NFB Tour: Timmins, Ontario
* This post was translated from French.
Landing in Timmins wasn’t a sure thing given the bad weather, but we finally arrived—hale, hearty and in good spirits. It turns out to be misty and warm for an October day in Timmins and I spend part of the afternoon wandering the city streets and soaking up the atmosphere. Along the way I take a few photos. I spot a Polish butcher shop and pop in. The friendly owner, a remarkable woman, plies me with tasty goodies, including a wonderfully scrumptious home-made beef jerky. Leaving the shop, I happen to run into Harry Snowboy, a traditional Cree healer from Chisasibi, Quebec, who tells me a great deal about the work he does in his community and about the book he just had published. As we say goodbye, he insists on having a friend of his take our photo. “No one ever takes pictures of photographers,” he says. “It’s not fair.”

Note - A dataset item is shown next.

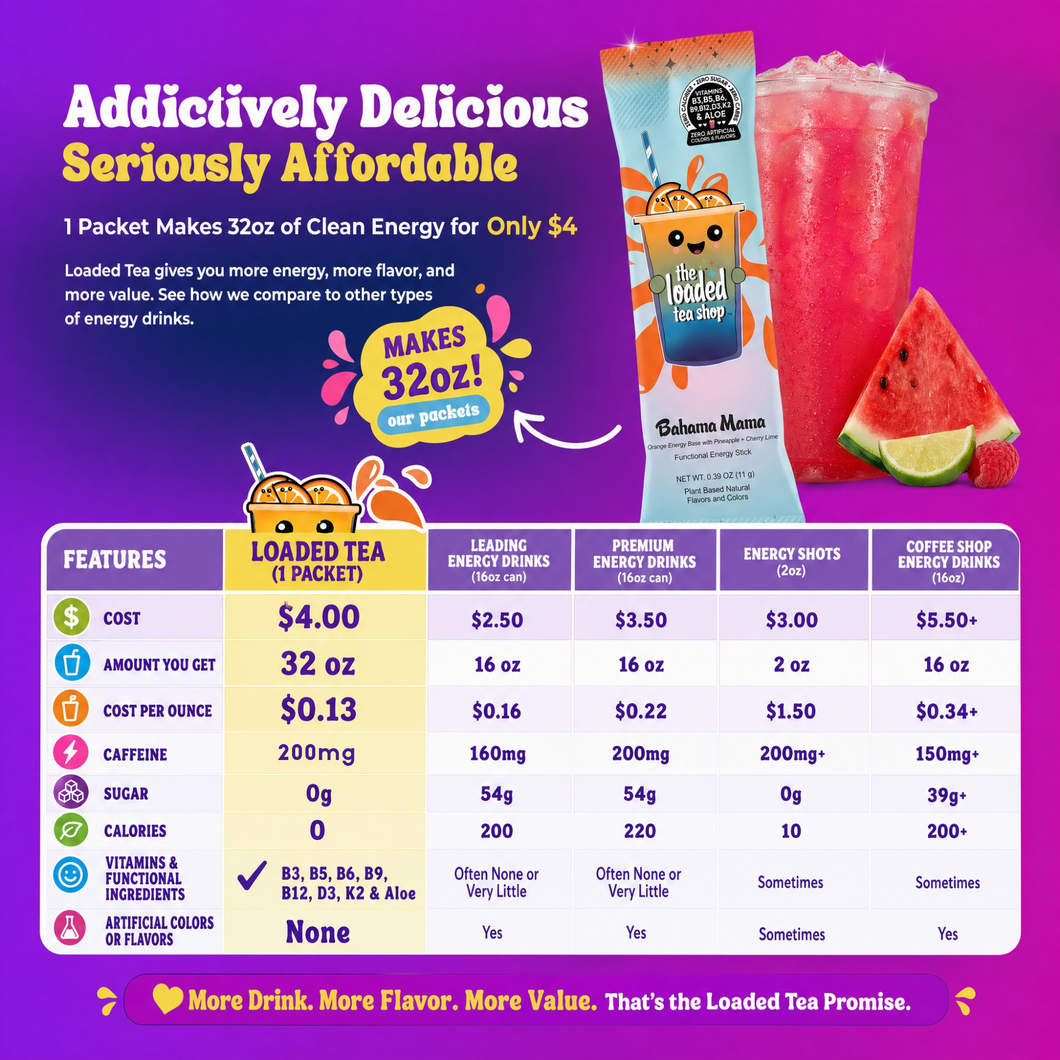 The Loaded Tea Shop Functional Energy Tea Packs (Strawberry Banana Smoothie)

In the evening, we gather at the Centre Culturel La Ronde, where Tom`s meeting is to take place. The centre`s director, Ludger Cloutier, takes us through the three-storey building entirely dedicated to the French language and to Franco-Ontarian culture. We walk through a large reception hall used for marriages and concerts; it’s also the place to be on Mondays and Wednesdays for the popular French bingo games. Arriving at the dance studio, we can just make out, from behind one-way glass windows, silhouettes of the girls from the Dansons La Ronde group practising their pliés at the barre. “We’ve noticed that parents place great value on their children being involved in activities in French,” Mr. Cloutier explains. “French is thriving in Timmins,” he adds. He continues by saying that the city is one of the few communities in which French speakers can study in French from kindergarten to university, without having to leave town or being forced to study at bilingual educational institutions. “That`s quite something,” he says. “We’re very proud of that fact.”
Tom is now welcoming the public and I am about to see and hear his presentation for the first time. The collage of excerpts from his biography interspersed with NFB film segments both surprises and deeply moves me. Everyone has a story to tell, but Tom`s is exceptional. Son of a Holocaust survivor and refugee, he arrived in Montreal as an immigrant at a very young age, became a Canadian citizen and is now Chairperson of the National Film Board of Canada. The evening’s stories, told in excerpts from our films interwoven with Tom’s personal narrative, are linked through the themes of identity and establishing a home, and underscore the importance of sharing these stories which hold our society together. Tom’s narrative takes us deep into his own life’s experience, at once profoundly sad and funny and takes us back into our own world, helping us to think about our own stories─those that belong to all of us.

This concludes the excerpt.